LCD Panel Price Declines Ease with LCD TV Sales Having Risen in November
LCD panel price declines eased, as U.S. LCD TVs in November posted the first year-over-year monthly retail sales increase since April, Corning Corporate Controller Tony Tripeny said at the Barclay’s conference in San Francisco.
Retail sales of LCD TVs rose 3 percent in November, halting a slide that began with a 7 percent drop in May and peaked with an 11 percent decrease in August, Tripeny said. The sales gain was fueled by “very aggressive” retail promotions that began in early November, well in advance of Black Friday, Tripeny said. The price for 32-inch LCD panels fell to $150 early this month from $160 in the second half of October, but the percentage drop declined to 2 percent from 3 percent, Tripeny said. In 46-inch, the panel price slipped to $340 from $360 during the same period, returning to a 1 percent decline after nearly a 3 percent drop in November, he said.
The slowdown in price declines has been coupled with LCD manufacturers lowering production rates. Samsung and LG Display, which had been running plants at 90 percent of capacity for much of Q3, have since dropped below that level, Corning officials said. Taiwanese LCD panel makers cut production, in some cases, to 50 percent of capacity in September from percentages in the mid-80s in July and August (CED Nov 2 p4). LCD panel inventory is expected to hit 16 to 16.5 weeks by year-end, down from 17 weeks in Q3, Tripeny said.

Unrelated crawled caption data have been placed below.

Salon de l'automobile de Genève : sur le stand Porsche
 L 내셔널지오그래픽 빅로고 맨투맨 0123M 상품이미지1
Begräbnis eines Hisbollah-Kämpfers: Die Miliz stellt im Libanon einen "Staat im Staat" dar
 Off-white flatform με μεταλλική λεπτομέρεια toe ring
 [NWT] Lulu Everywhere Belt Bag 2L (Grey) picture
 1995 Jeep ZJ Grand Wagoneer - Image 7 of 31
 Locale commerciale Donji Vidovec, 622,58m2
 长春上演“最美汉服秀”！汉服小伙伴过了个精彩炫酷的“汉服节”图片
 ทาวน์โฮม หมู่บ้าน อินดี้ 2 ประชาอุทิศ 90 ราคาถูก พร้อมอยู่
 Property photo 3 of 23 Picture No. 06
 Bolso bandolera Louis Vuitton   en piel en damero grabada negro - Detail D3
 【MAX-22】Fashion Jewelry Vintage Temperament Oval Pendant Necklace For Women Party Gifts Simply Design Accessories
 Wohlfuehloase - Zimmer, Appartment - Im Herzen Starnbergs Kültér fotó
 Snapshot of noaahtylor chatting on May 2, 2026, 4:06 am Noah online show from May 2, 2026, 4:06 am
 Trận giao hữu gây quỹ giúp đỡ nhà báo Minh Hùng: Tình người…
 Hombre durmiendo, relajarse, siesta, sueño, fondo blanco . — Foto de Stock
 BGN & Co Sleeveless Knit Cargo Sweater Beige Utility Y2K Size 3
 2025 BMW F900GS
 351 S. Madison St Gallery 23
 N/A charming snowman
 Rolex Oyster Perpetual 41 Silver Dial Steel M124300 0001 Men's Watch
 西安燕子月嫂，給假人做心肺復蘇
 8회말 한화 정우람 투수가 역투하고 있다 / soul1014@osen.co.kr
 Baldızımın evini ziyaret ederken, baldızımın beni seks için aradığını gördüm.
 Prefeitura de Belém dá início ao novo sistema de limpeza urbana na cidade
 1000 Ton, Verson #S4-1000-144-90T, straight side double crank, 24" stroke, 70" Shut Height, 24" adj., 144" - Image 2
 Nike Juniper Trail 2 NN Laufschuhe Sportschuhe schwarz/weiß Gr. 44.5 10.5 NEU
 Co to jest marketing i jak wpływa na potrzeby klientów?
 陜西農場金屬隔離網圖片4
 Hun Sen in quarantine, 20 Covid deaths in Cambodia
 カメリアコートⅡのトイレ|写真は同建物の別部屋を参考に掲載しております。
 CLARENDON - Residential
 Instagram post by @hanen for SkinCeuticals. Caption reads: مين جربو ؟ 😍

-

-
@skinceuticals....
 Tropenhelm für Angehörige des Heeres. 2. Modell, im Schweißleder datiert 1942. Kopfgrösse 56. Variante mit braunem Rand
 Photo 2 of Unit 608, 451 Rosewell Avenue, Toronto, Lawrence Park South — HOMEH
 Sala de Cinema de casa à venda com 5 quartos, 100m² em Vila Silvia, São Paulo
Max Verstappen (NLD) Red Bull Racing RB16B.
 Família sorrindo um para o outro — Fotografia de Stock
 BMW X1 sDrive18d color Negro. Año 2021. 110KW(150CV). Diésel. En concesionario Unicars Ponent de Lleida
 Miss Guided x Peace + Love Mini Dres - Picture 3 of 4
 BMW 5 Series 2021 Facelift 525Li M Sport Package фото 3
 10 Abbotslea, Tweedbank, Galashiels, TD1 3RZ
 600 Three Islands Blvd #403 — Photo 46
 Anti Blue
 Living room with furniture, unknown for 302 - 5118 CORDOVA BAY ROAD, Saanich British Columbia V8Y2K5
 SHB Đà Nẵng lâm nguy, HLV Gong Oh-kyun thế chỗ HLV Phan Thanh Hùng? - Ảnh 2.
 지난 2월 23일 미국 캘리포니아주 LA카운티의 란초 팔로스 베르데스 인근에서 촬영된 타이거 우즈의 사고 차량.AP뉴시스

Production is showing signs of increasing, analysts said. Corning, which previously forecast a flat to slight decline in LCD glass volume in Q4, is projecting a 10 percent increase at its own plants, Tripeny said. At the Samsung Corning Precision (SCP) LCD glass joint venture, volume will decline 5-10 percent in Q4, he said. The decline in Corning’s glass prices, expected to be 4-5 percent in Q4, will “moderate” in Q1 to more “normalized” 2-3 percent decreases, Tripeny said.
Corning is continuing to forecast doubling capital spending to $2 billion in 2011 as it increases production capacity for its scratch-resistant Gorilla LCD glass. Corning initially produced Gorilla glass on a fourth-generation LCD panel line in Harrodsburg, Ky., but it’s moving some manufacturing to a 6G line in a former Sharp factory in Japan. The glass has gained 290 design wins with 27 brands, up from 240 and 24 in late September, Tripeny said. Among the devices using Gorilla glass is Apple’s iPad tablet PC. Gorilla glass sales are projected to increase to $1 billion in 2011 from $450 million this year. In July, Corning had forecast 2010 Gorilla glass sales of $250 million (CED July 29 p1).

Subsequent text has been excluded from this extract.